Dataset excerpt =

....................

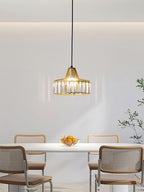 A small gold crystal drum pendant from Clérachic hangs over a white table with a bowl of oranges and cane-backed chairs.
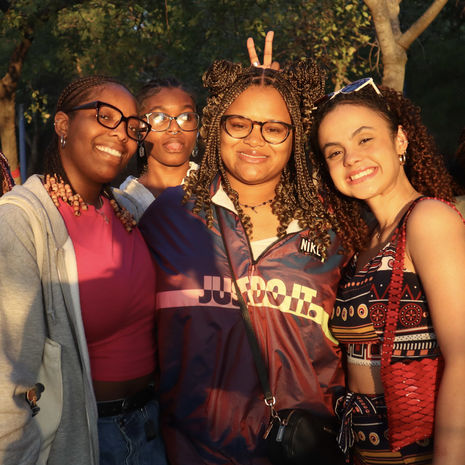 A group of students smiling brightly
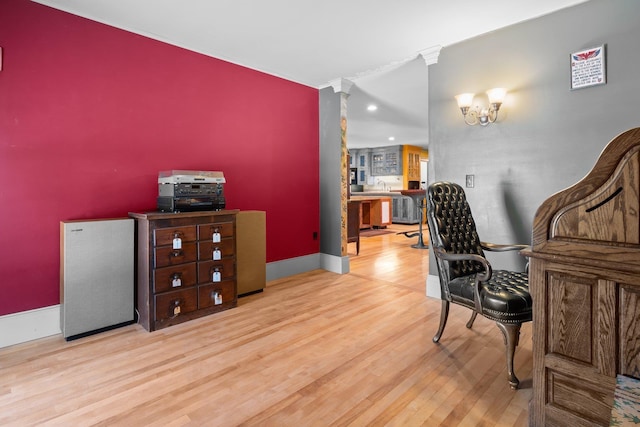 office space with a notable chandelier, baseboards, and wood finished floors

....................

Your assignment =
Starting with the top line, write out all the data above exactly; keep the pictures out.

Result =
 A small gold crystal drum pendant from Clérachic hangs over a white table with a bowl of oranges and cane-backed chairs.
 A group of students smiling brightly
 office space with a notable chandelier, baseboards, and wood finished floors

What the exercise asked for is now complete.